Rechtspraak
Rechtbank Oost-Brabant (Locatie Eindhoven), 16 april 2020
ECLI:NL:RBOBR:2020:2248
Feiten
Werknemer is op 17 februari 1997 in dienst getreden bij Vriescentrale. Tussen partijen heeft een discussie bestaan of werknemer al dan niet arbeidsongeschikt was en Vriescentrale als gevolg daarvan verplicht was het loon door te betalen. De kantonrechter heeft in kort geding op 21 december 2018 geoordeeld dat werknemer voldoende aannemelijk heeft gemaakt dat hij op 6 augustus 2018 arbeidsongeschikt was in de zin van artikel 7:629 BW. Vriescentrale is, onder andere, veroordeeld tot het doorbetalen van het toekomstig loon. Partijen houdt verdeeld wat moet worden verstaan onder toekomstig loon. Werknemer vordert betaling van (achterstallig) loon.
Oordeel
Uitgangspunt is dus dat werknemer recht heeft op doorbetaling van 70% van het naar tijdruimte vastgestelde loon (art. 7:629 BW). Volgens werknemer moet hieronder ook worden begrepen het gemiddelde van de door hem ontvangen overwerkvergoeding. Volgens Vriescentrale behoort tot het loon geen vergoeding van overwerk.

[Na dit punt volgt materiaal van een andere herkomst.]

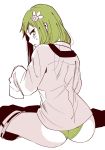  ass blush commentary_request genderswap genderswap_(mtf) green_(konkichi) green_eyes green_hair highres konkichi_(flowercabbage) original oversized_clothes pants_down sleeves_past_fingers sleeves_past_wrists 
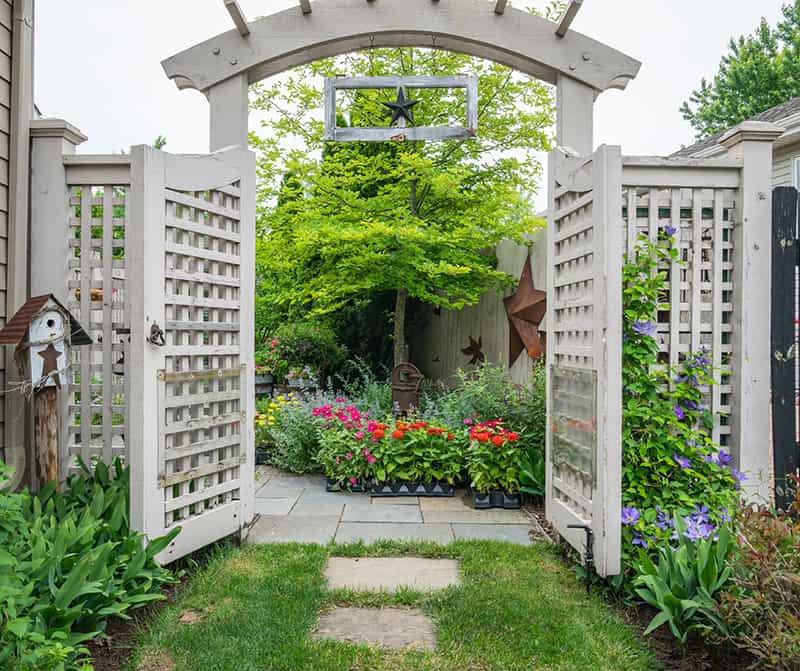 Wooden lattice panels with ivy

Als onweersproken staat tussen partijen vast dat werknemer, voordat hij arbeidsongeschikt werd, structureel overwerk heeft verricht. De omstandigheid dat werknemer vanwege arbeidsongeschiktheid niet meer in staat is om de overeengekomen arbeid te verrichten komt in redelijkheid voor rekening van Vriescentrale. Als vaststaand wordt beschouwd dat werknemer, als hij niet door ziekte was verhinderd, op dezelfde voet zou hebben overgewerkt als in de periode waarin hij niet ziek was. De slotsom is dat werknemer recht heeft op 70% van de gemiddelde overwerkvergoeding.
Vakantiebijslag over de overwerkvergoeding
Met betrekking tot de gevorderde vakantiebijslag over overwerkvergoeding stelt Vriescentrale dat dit tussen partijen niet overeengekomen is en dat zij voldoet aan de Wet minimumloon en minimumvakantiebijslag (WML). Op grond van de WML moet Vriescentrale vanaf 1 januari 2018 ook vakantiebijslag over overwerk betalen. Voor zover de arbeidsovereenkomst daarmee in strijd is, is die bepaling nietig. De gevorderde vakantietoeslag is echter pas omstreeks 15 juni 2019 verschuldigd en daarom wordt de vordering afgewezen.